Kerszenbaum has gone from the sole employee of the fund to becoming part of a 140-person organization. For JFF, it means the addition of an investment arm to further its mission of creating opportunities for all workers to advance their skills.
“At the end of the day, JFF checked off a lot of the boxes we were focused on,” says Kerszenbaum, 39. “Our strategy and our focus are not going to change.”
But some of its investment terms will. Going forward, as part of JFF, the fund may take equity stakes in future portfolio companies, although it may still structure some deals as debt financing, which means recipients repay the principal, with interest, in the future.
Kerszenbaum declined to say how much his fund has invested in companies or how much it has in its budget, but he says the fund has invested an average of $250,000 across seven deals.
The fund also gets a new name: ETF@JFFLabs, and will operate under a new division that JFF created last year. JFFLabs services include identifying and scaling workforce and edtech technology, incubating early stage produces and services and partnering with companies to solve workforce challenges.
Maria Flynn, JFF’s CEO, says the addition of the fund will provide a new way for her nonprofit to bridge public and private sector resources to help workers develop new skills.
What sold her and the JFF board on the fund was that its choice of investees—including CareAcademy, which provides training and career advancement to senior caregivers and home health aides, and PAIRIN, which provides skills measuring services for students and job candidates—aligned with JFF's mission.
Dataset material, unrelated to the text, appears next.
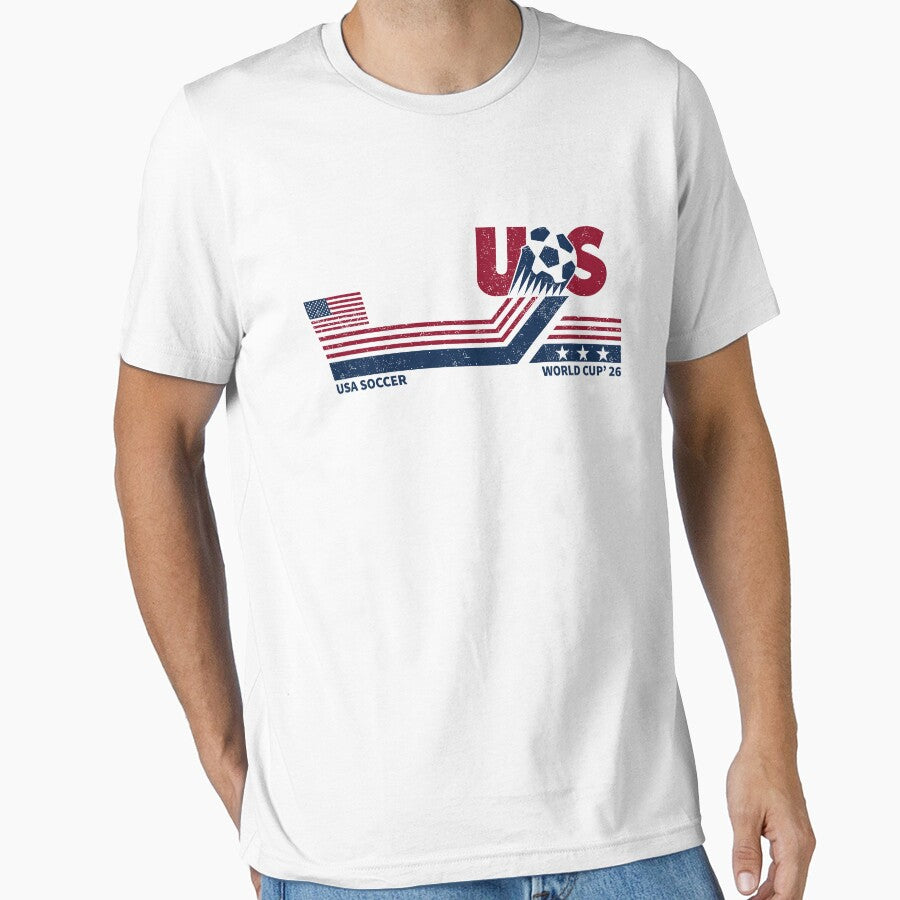 USA Soccer Vintage by SabrinaMRowe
“Too many nonprofits are overly skittish about engaging with for-profit entities,” says Flynn, 50. “This was a partnership that made a lot of sense.”
Kerszenbaum hopes the nonprofit can bring more resources to support his portfolio companies. This includes financial resources. In its latest annual financial statement, JFF reported $53.9 million in revenue—$39.7 million from contributions and grants, $13.7 million from program services. It spent $43.5 million.
The Employment Technology Fund formed in 2017 with backing from four foundations—The Joyce Foundation, W.K. Kellogg Foundation, The Rockefeller Foundation and Walmart Foundation. ECMC Foundation later joined with a $1 million investment.
The foundations wanted to support nonprofits and for-profits aimed at low-skilled workers, advocate organizations and prospective employers.
They brought in New Venture Fund as owner, sponsor and operator of the fund, which would issue loans to early-stage companies with the expectation of interest and principal repaid to the fund. The fund closed its first two investments in 2017.
JFFLabs already has 10 employees, and Kerszenbaum plans to hire about four more to help with future investments. He continues to seek companies with some revenue traction and diverse founders and based in locations without a strong venture capital presence.